Do you have any pics of the Brownell?


----------



## WrongdayJ (May 22, 2008)

Unclegus said:


> That is absolutely a fine looking case. you ought to try and find a soft case for a 46" Barnsdale.....ukey:


That's a tall order. . .literally. 

There is a very nice woman on here that has a company that makes custom quivers, Wheely is her 'handle' on here I think. _I wanted one of her bowcases. . ._she could make them custom and they were very good looking- but she doesn't make them anymore. 

Can't say I blame her though. . .they look like they would be a nightmare to put together from a manufacturing point of view. All those compartments, pockets, zippers, velcro, and straps would make you dizzy after a while- even if you had a good pattern to work with.


----------



## Unclegus (May 27, 2003)

Brown Hornet said:


> Good idea.....I would get an arrow tube though. Otherwise those ACCs aren't gonna stay straight that long
> 
> But if you like that you should see what my Brownell will hold....and it has wheels:wink:
> 
> ...


I have a Brownell for my 46" Barney. you can put everything you could possibley need and your lunch in that sucker.


----------



## WrongdayJ (May 22, 2008)

Pics please. . .

I love this case, but would like to see this Brownell.


----------



## Brown Hornet (Aug 8, 2002)

WrongdayJ said:


> Good idea, Hornet.
> 
> I am currently looking for an arrow holding device as we speak. . .I just put them in there to demonstrate possible configurations.
> 
> ...


Of course I do :wink:

There are 2 long pockets that run almost the length of the case. My arrow tube fits EASILY inside either pocket as does my 35.5" stab. There is also a square pocket that holds my sight case or a bino case....my binos are 12X50s. 

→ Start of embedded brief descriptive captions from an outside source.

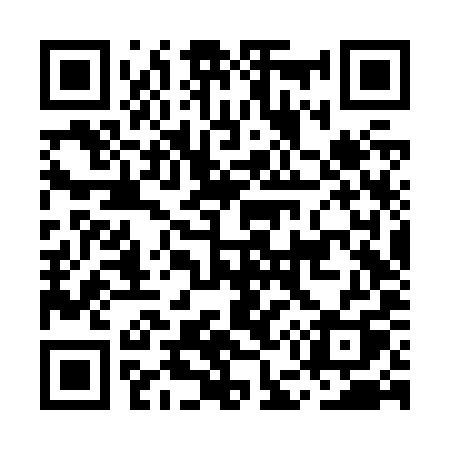 QR code for ME6Z9Q
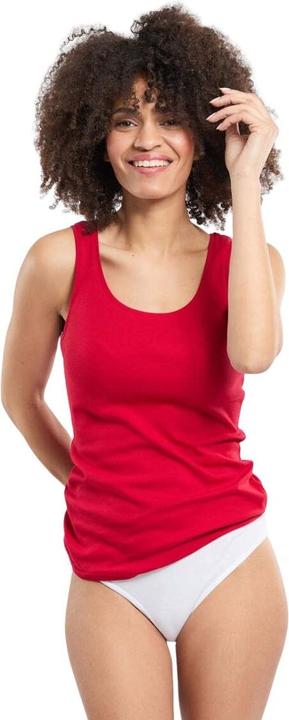 Immagine prodotto Armor Lux Mutandine da donna (XL)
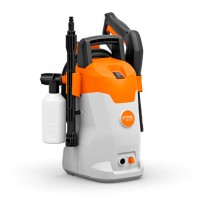 Мийка високого тиску STIHL RE 80 X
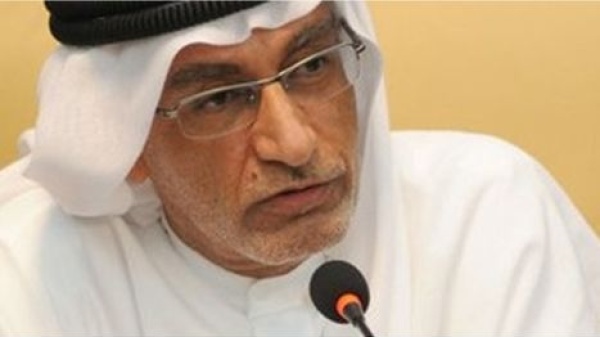 أكاديمي إماراتي انخفاض أسعار النفط لا يهم الإمارات وكارثيا لهذه الدول أكاديمي إماراتي انخفاض أسعار النفط لا يهم الإمارات وكارثيا لهذه الدول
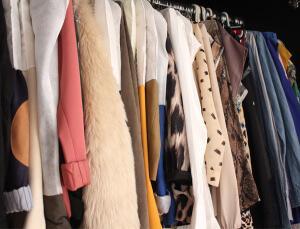 Trucos Caseros para Mantener La Ropa Como Nueva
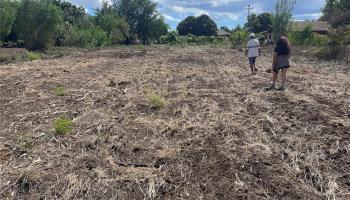 86-420 Halona Road  Waianae, Hi  vacant land - photo 1 of 1
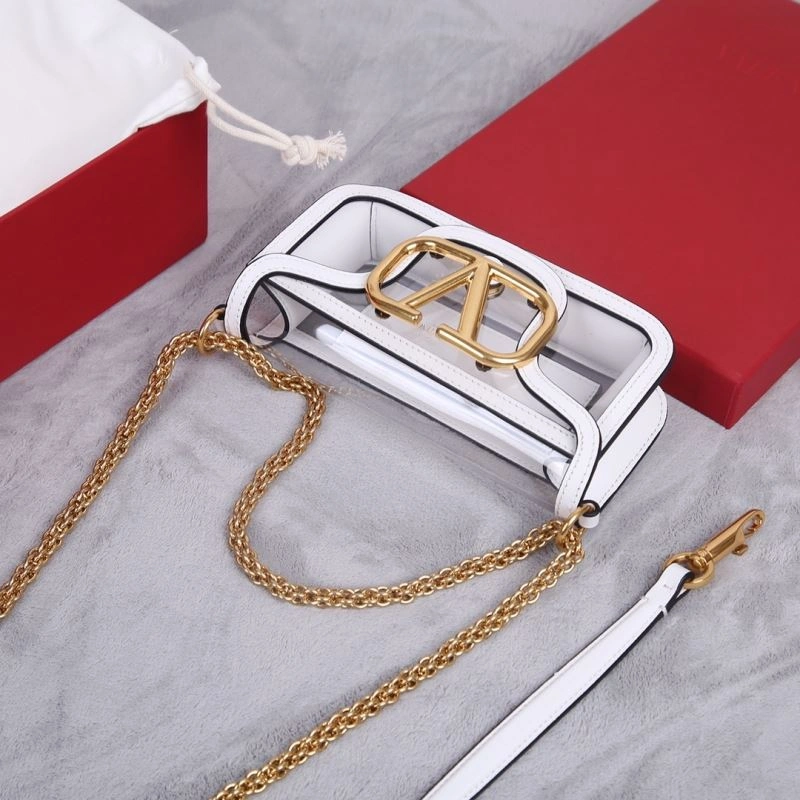 Valentino Satchel Bags Packable 59687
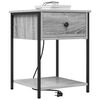 Miniatyrbilde av produktet 3 av 16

The next pics are of the padding on the inside. Ideally the case holds two bows but like I said I have had three in there :wink:


----------



## Unclegus (May 27, 2003)

I see you have the short one. I have the steamer trunk.......


----------



## Brown Hornet (Aug 8, 2002)

There is a large pocket on the outside that holds a ton of stuff also....there are two straps that wrap around the case that can be pulled extra tight to keep everything snug.....then the handle strap for easy carrying 

I didn't take a pic of it but there is also a handle on the very top of the case to pull the case with when using the wheels....no need to really carry it...even going up the steps since the wheels are a tri-wheel system that rotates for going up and down steps and over curbs :wink: There is also a shoulder strap for carrying :wink:

The tube I use is just a clear Easton tube that you can get from LAS for $13. 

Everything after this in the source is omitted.